The so-called Martyrs of Freedom, the Coloraos, were combatants who fought against absolutism in the well-known Ominous Decade, or second restoration of absolutism, corresponding to the period of contemporary Spanish history in the last phase of the reign of Ferdinand VII, after the Liberal Triennium.
The Secretary of State for Democratic Memory, Fernando Martínez, together with the subdelegate of the Government in Almería, José María Martín, has made public, after the forensic analysis of the osseous remains exhumed in the cemetery of San José, in Almería, the conclusions of the forensic team.
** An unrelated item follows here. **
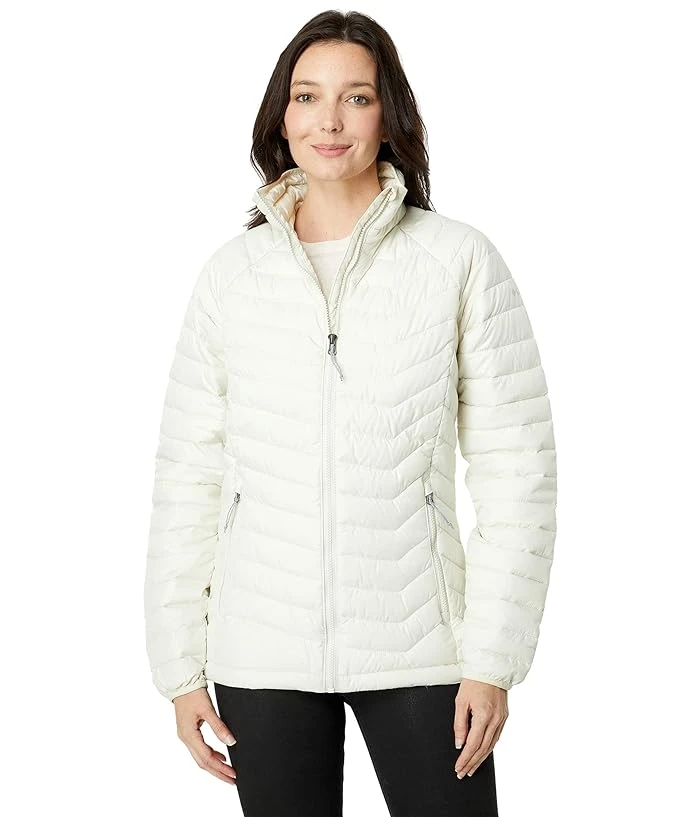 Women's Powder Lite Jacket - Lightweight Insulated Outerwear For Cold Weather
After the exhumations, the remains found were inventoried and the necessary samples were taken for dating analyses. The conclusions of the forensic team are as follows: all the remains preserved are human; they represent a minimum number of individuals in fair correspondence with the murdered victims, of whom there is documentary evidence; their state of conservation is very poor due to the fact that the remains have been intentionally fragmented to reduce them to shards; and the traceability of the remains seems well established based on the documentary information that is preserved.
Three samples were selected for carbon 14 absolute dating analysis and sent to the Beta Analytic Radiocarbon Dating Laboratory, Miami, Florida (United States), which has issued its report dating the remains with an age of 200 years (+/- 30).
It is therefore corroborated that the remains preserved in the cemetery of San José de Almería and examined by the forensic team working with the Secretary of State for Democratic Memory correspond to those sought, with the verified hypothesis of their belonging to the Martyrs of Freedom, shot in Almería in 1824.